Action item:
Would you output the whole listing below, exactly as it reads?
== Stored data
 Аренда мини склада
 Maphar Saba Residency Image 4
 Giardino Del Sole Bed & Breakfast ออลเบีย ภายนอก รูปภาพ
====
Exercise answer:
 Аренда мини склада
 Maphar Saba Residency Image 4
 Giardino Del Sole Bed & Breakfast ออลเบีย ภายนอก รูปภาพ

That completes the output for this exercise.